● Data

▽

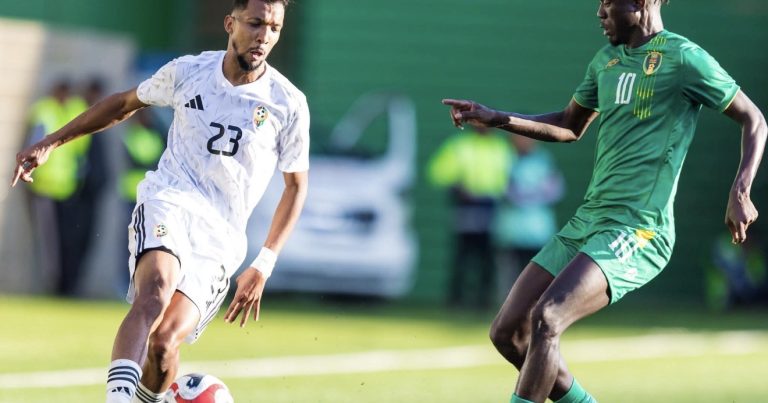 المنتخب الليبي لكرة القدم يفوز وديا على نظيره الموريتاني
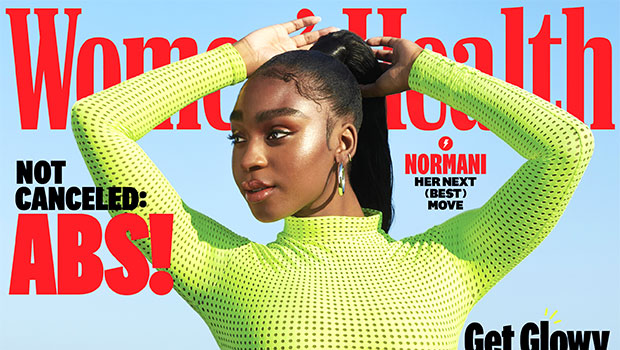 Normani 'Women's Health' December 2020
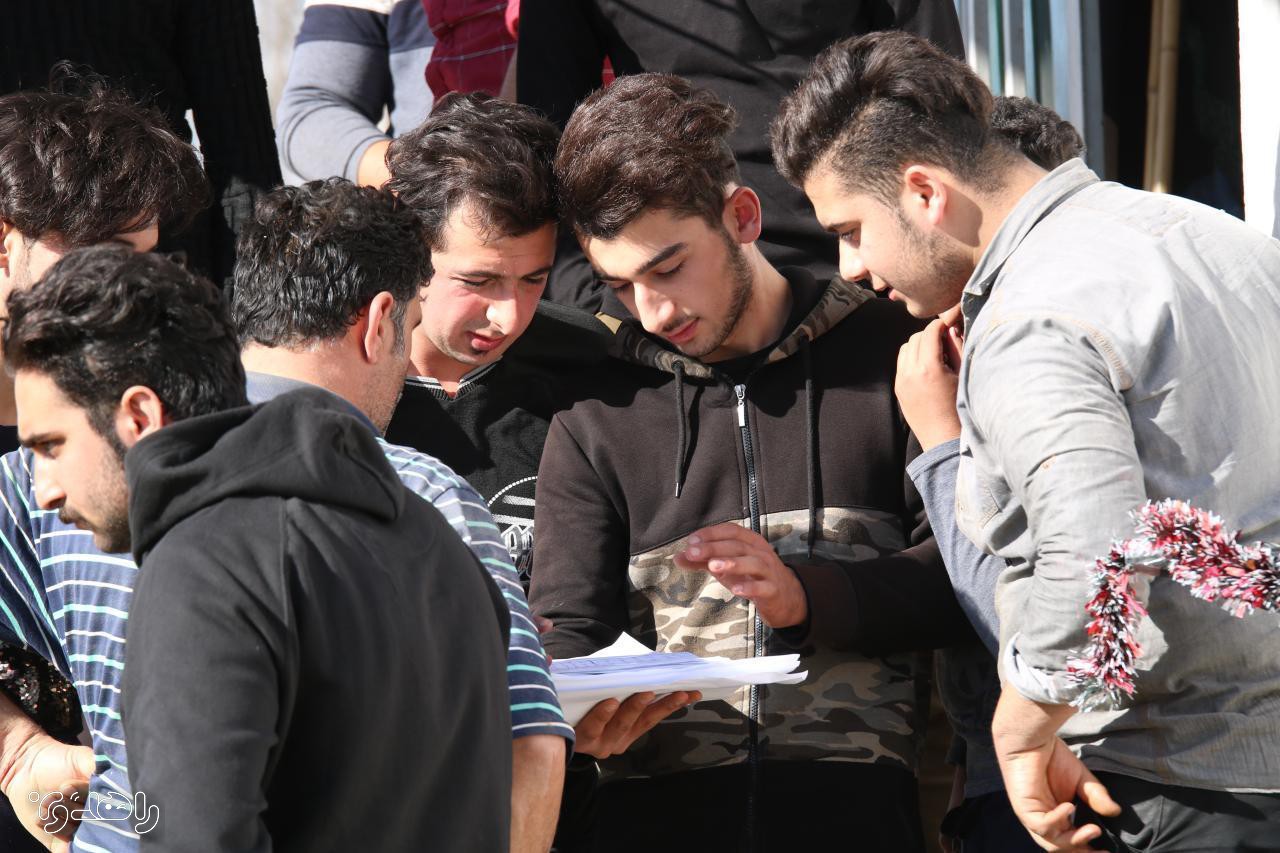 رویداد پاکسازی روستای گیلوا و کرباسده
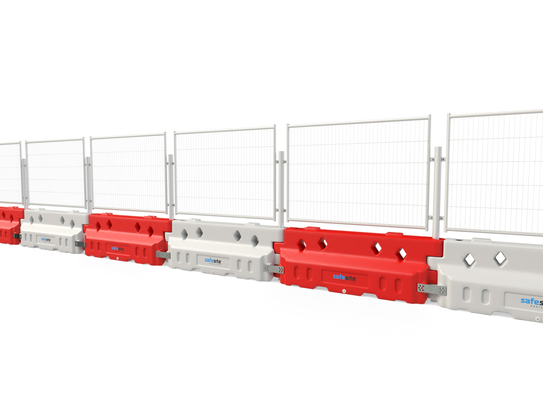 Defender50 Mesh Panels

△

● Work to complete
Each line from the one with "Normani 'Women's Health' December 2020" to the final line of the data above is to be printed exactly; no picture should appear in the copy.

● Answer to the problem
 Normani 'Women's Health' December 2020
 رویداد پاکسازی روستای گیلوا و کرباسده
 Defender50 Mesh Panels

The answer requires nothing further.